Before we moved into separate bedrooms, I learned a lot about dressing myself from my wife. I would watch her pull suits and blouses and thick skirts from the closet and lay them out, splitting the bed in two with days of the week. She’d help me match ties to shirts, make sure my pants didn’t have any stains and remind me to iron.
Now I sleep across the hall in what she used to call the guest room. To work I wear what I find in the laundry hamper. Charlotte hasn’t said good morning to me in six months. I never iron, or hand wash my shirts to keep them from getting rings on the collar. I don’t even take the time to match anymore.
What I need is a program, something to build on, something that can help me save my marriage because I can feel it tumbling away from me and I want it back.
In school I studied History. I learned how important it is to the present and the future. If history gets taken out of the equation things will never really add up right again. What I need to do is bring what Charlotte and I used to have—our own history, the good and bad—back up around us and show her how much she and our son Brady mean to me.
When I get home from work on Monday I decide to do something about it.
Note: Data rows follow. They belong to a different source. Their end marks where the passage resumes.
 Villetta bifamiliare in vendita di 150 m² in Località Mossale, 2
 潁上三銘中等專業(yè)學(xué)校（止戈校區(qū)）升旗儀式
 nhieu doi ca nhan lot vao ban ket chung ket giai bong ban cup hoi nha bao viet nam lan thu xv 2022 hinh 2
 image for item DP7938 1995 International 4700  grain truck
I change directly into something adventurous, something that will really start me out right: The Edmund Hillary Popular Non-American Explorer outfit. I put together a pair of short, woolen pants, tucked into hiking boots and a pair of sunglasses with flaps on the sides. They make me feel like a horse—blind to everything but what is ahead. I try to style my hair just like Edmund, all floppy, wind-blown and wonderful, but as I get older I seem to grow less of it. I look nothing like Edmund Hillary. I give up and opt for the hat he must have worn when trekking to the top of Everest.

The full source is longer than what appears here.